Shaw’s attorney Lori Costanzo said last week he was not giving interviews and she was no longer representing him. Shaw resigned in the summer of 2020 before a legal firm overseen by the California State University central office completed the second investigation.
That investigation reached a far different conclusion than 10 years earlier. It found “there is no explanation or … therapeutic justification” for Shaw’s touching athletes’ breasts close to their nipples, and their groin areas near their genitals. Papazian’s public apology came the day she released the report.
Still, a number of current and former athletic department employees who spoke with this news organization are outraged over the university’s handling of the case. They point the finger largely at Tuite, who is now named in three wrongful termination or retaliation lawsuits.
As one employee of the athletic department who asked not to be named put it, “everyone else gets fired for nothing and Scott doesn’t get fired for something.”
In a list of questions submitted to the university by the Bay Area News Group, from whether restrictions were placed on Shaw after the 2010 investigation to how it handled any subsequent claims of sexual abuse to how the president is handling calls for Tuite’s ouster, the school responded that it hopes an ongoing review of the ordeal will clarify what happened.
“The university, President Papazian, and our community need answers to questions about the original 2009 investigation and how the university responded to the findings,” the school wrote. “Appropriate action will be taken once we have the answers to these questions.”
In the meantime, the university is finalizing a new sports medicine chaperone policy, adding resources and restructuring the Title IX Office, and adding a full-time survivor advocate — all by the start of the fall 2021 semester, the school said.
When asked whether the president failed in her duty to foster a safe environment and protect students from predatory behavior, the school defended her commitments to the university and the SJSU community “to support students and ensure they thrive and reach their goals.”
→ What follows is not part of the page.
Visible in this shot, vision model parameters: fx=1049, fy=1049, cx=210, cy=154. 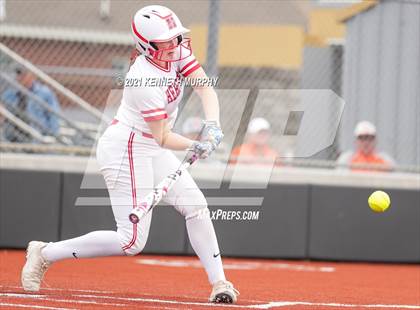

The university will learn from the past, the school said, “so we never repeat it.”
It’s a goal Hopkins isn’t certain San Jose State is capable of achieving. In his last February letter to Papazian — a letter filled with bitterness after years of obstacles — he said he was sad to say that the university has “lost all moral authority and can no longer be trusted to operate in an ethical manner without being pressured to do so.”
Amid the tumult, Hopkins is being praised by colleagues and his former swimmers for his tenacity and courage.
“He has just never stopped,” said Caitlin Macky, an all-conference swimmer who graduated in 2011 and was among the original group to report allegations against Shaw. “I don’t think any of this would be at the level it is at if it weren’t for Sage. I have no idea how he had the inner strength to handle being accused of lying and accused of making things up and taking the brunt of everything.”
Nancy Hogshead-Makar, a civil rights lawyer who runs a nonprofit providing legal advocacy for girls and women in sports, is shocked the case has come to this.
“You can dismiss the word and the testimony and the experience of 17 women?” asked Hoghead-Marker, a three-time Olympic swim champion. “It takes somebody with real guts and commitment like this coach. It takes the one really strong person who won’t give up.”